From: Jukka K. Korpela
Date: Apr 9, 2004 11:43AM


On Fri, 9 Apr 2004, John Foliot - WATS.ca wrote:

> I beg your pardon? You're saying that a form is *less* accessible than an
> email address? How can that be?

People usually know how to use E-mail. Forms are more difficult. Besides,
there assistive technologies for E-mail, whereas forms have primitive
implementations in browsers. Did you ever see browser that has a
spelling checker for the text you type into a form?

> As pointed out (within this thread), users who may be accessing your content
> through a public terminal, or who's user agent does not have (or support) an
> email client, cannot contact the site owners through a simple mailto: link.

Surely. That's why I mentioned a form as an _enhancement_. But if you
_replace_ an E-mail address by a form - which is what this was about -
you certainly reduce accessibility.

> A properly developed form, on the other hand, is just more HTML,

No, it's also a browser's implementation of forms, which is generally
poor.

> Now, it's true that many (most?) developers don't know how to do
> forms correctly

Quite right. This is important to practical accessibility. And people who
know how to write forms properly don't use them as the only means of
contact.

> no argument there - but to suggest that an email link is
> more accessible than a form, is, IMHO false.
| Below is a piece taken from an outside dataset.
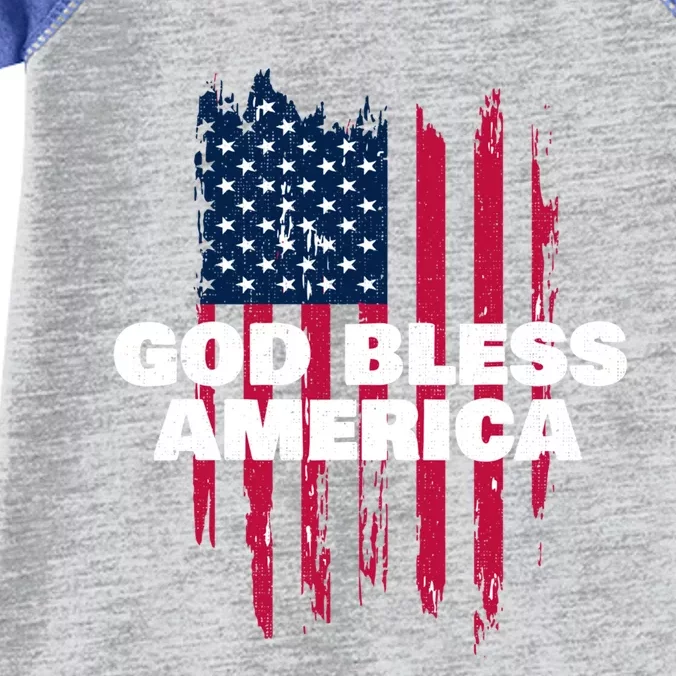 American Flag God Bless America Patriotic Gift Infant Baby Jersey Bodysuit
Jukka, I'll meet you half way
> (they are equal), but cannot accept your statement as written.

Of course they aren't equal. Surely one's favorite E-mail program is
easier to use than a typical browser's implementation of a typical form.

> Advantages to forms:
> - properly done, can be navigated through quickly, even more so when coded
> with the < fieldset> and < legend> attributes.

Irrelevant. We're discussing the issue of sending simple feedback.

> - *most* form scripts also allow for immediate feedback to the sender; a
> "Thank you we have received your note" type response page.

Worse than useless. It isn't even true. The feedback just says that the
script sent the data. There is no guarantee that it will actually be
delivered, still less that it will be received and read.

> This type of
> positive re-enforcement aids those with cognitive disabilities

Are you serious? It's typical pseudo-feedback. Any decent E-mail program
gives better feedback about sending E-mail.

> - all functionality is server side as opposed to client side

Again, regarding feedback forms, they just add a _new_ component, which
could be dysfunct at times.

> - as noted within this thread, using forms reduces the need to publicly
> post an email address, thus reducing spam (which *HAS* to be a good
> thing!!!)

What has the page author's assumed comfort got to do with accessibility?
I thought I already explained why it is seriously wrong to make your spam
problem your visitors' problem.

I repeat: What about people who can use an E-mail program because it has
suitable assistive technology but simply cannot use a form? You would
create an absolute barrier by simply refusing to tell your contact
address. This is foolish enough, but calling it accessibility is
grotesquely absurd.

> - using a form helps the submitter to succinctly deliver their message, as
> you are "helping them" by asking the leading questions. What is your name?
> what is your email address? what is your comment?

Oh really. When an E-mail program is used, it automatically inserts the
name and the address, once configured.

> - having a feedback form on an HTML document also allows developers to
> directly link to any privacy policy the site owners may adhere to (whereas a
> simple email has no assurances of any privacy protection).

What? Do you mean that a page containing an E-mail address cannot contain
another link, or a direct statement of a privacy policy?

(And I reallt fail to see how this relates to accessibility. The real
accessibility problem with such policies is that they are pointless
administativese, which is virtually incomprehensible to most people.)